In contrast, passive funds, which primarily track market indexes such as the S&P 500, Dow Jones Industrial Average and Nasdaq Composite, had a strong year thanks to a big performance from the broader market. The S&P 500 alone had a 24% return for the year.

“You had to be right there when the liftoff happened going into November and December,” Colas said. “In many ways, it was the hardest possible environment for active managers to keep their cool, stay focused and not get overly optimistic or pessimistic.”

Adding to the challenges was the performance of the “Magnificent 7” tech-centric stocksAlphabet, Microsoft, Apple, Tesla, Nvidia, Meta and Amazon — which carried most of the weight for the market. The Nasdaq 100, which is weighted toward technology, exploded 55% higher last year on a total return basis.
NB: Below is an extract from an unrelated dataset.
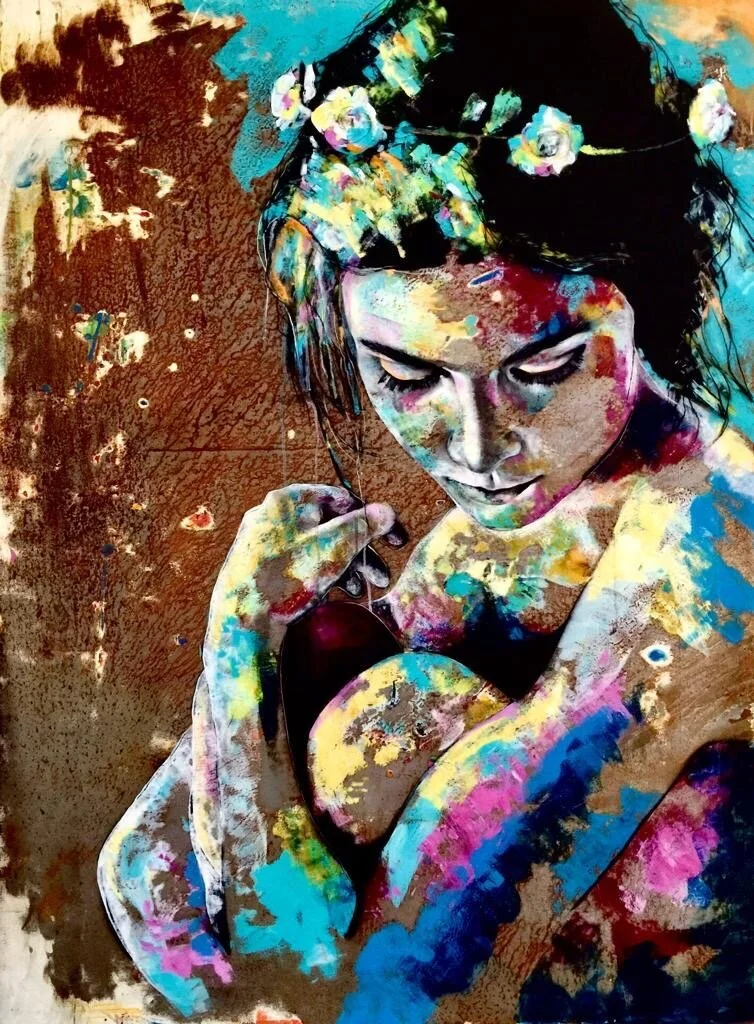 Pensive, by Louisa Tebbutt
“You had this remarkable market leadership in Big Tech and some managers can’t own it because of mandates or a reluctance to have 25%-plus of their portfolio in a handful of names,” Colas said.

Still, there could be hope ahead for active management if market conditions change in 2024.

“As far as what a stock-pickers market looks like, it’s basically a low-volatility, low-correlation market without a lot of drawdowns that instill fear into money managers and force them to sell at the bottom,” Colas said. “This could be that kind of year.”